**Problem to solve:** For this exercise, retype each line of the material below verbatim and omit any picture.

**Material provided:**
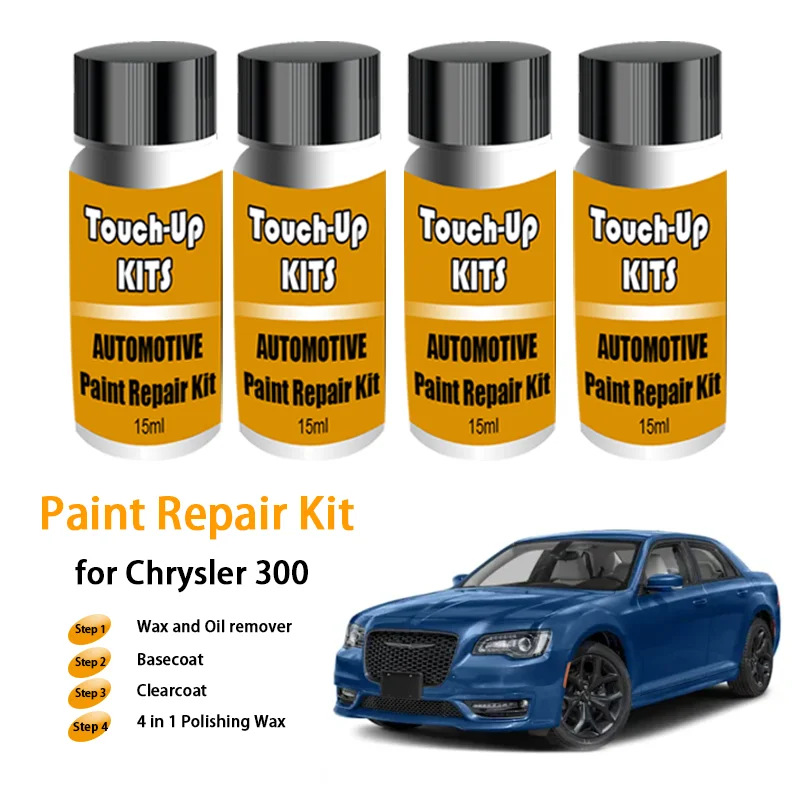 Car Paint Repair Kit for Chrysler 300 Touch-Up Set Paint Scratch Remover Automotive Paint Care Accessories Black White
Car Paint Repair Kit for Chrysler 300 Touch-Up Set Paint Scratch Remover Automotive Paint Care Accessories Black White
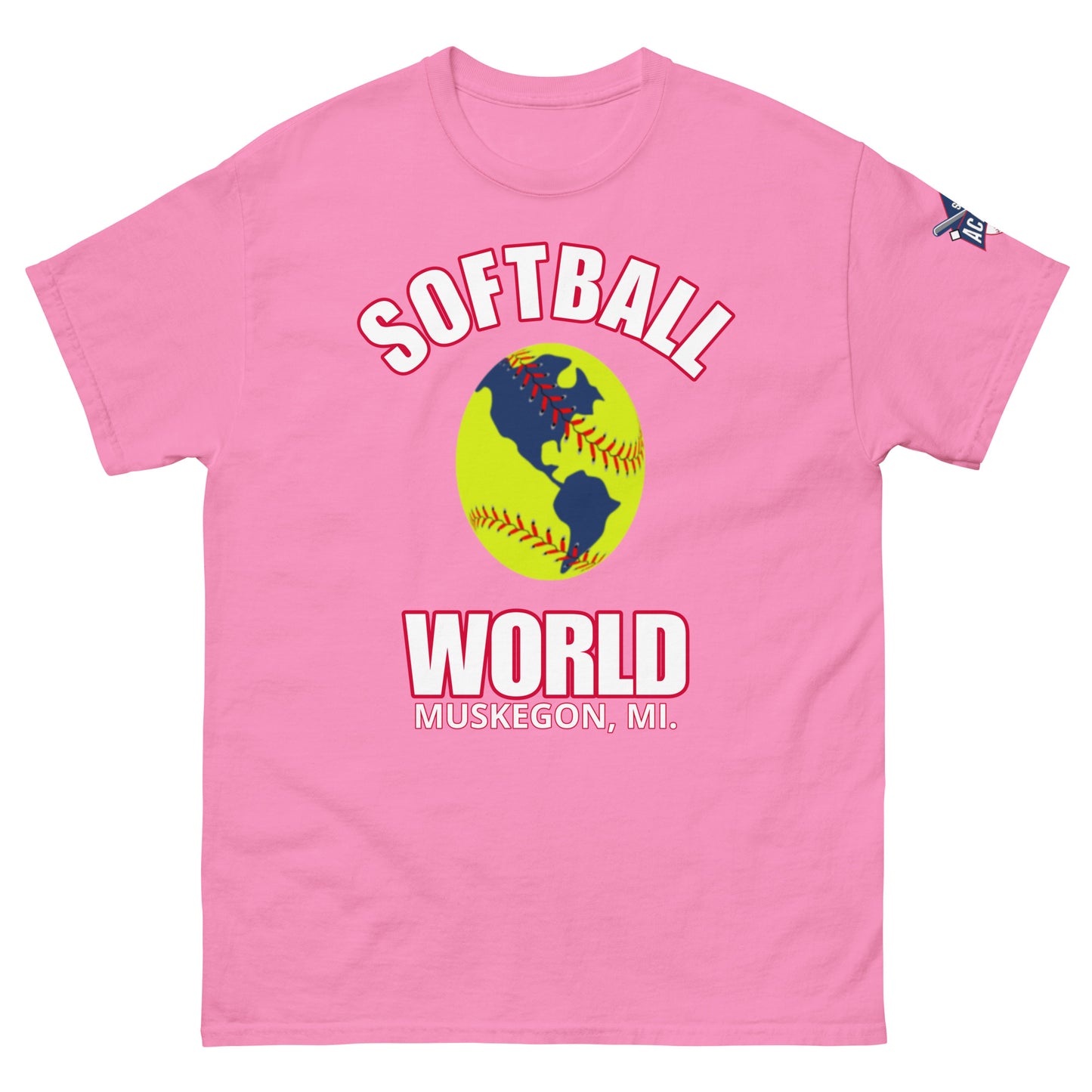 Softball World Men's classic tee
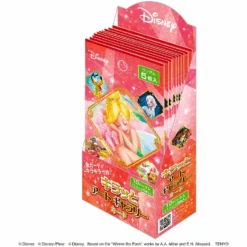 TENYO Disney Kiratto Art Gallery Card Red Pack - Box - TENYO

**Exercise output:**
 Car Paint Repair Kit for Chrysler 300 Touch-Up Set Paint Scratch Remover Automotive Paint Care Accessories Black White
Car Paint Repair Kit for Chrysler 300 Touch-Up Set Paint Scratch Remover Automotive Paint Care Accessories Black White
 Softball World Men's classic tee
 TENYO Disney Kiratto Art Gallery Card Red Pack - Box - TENYO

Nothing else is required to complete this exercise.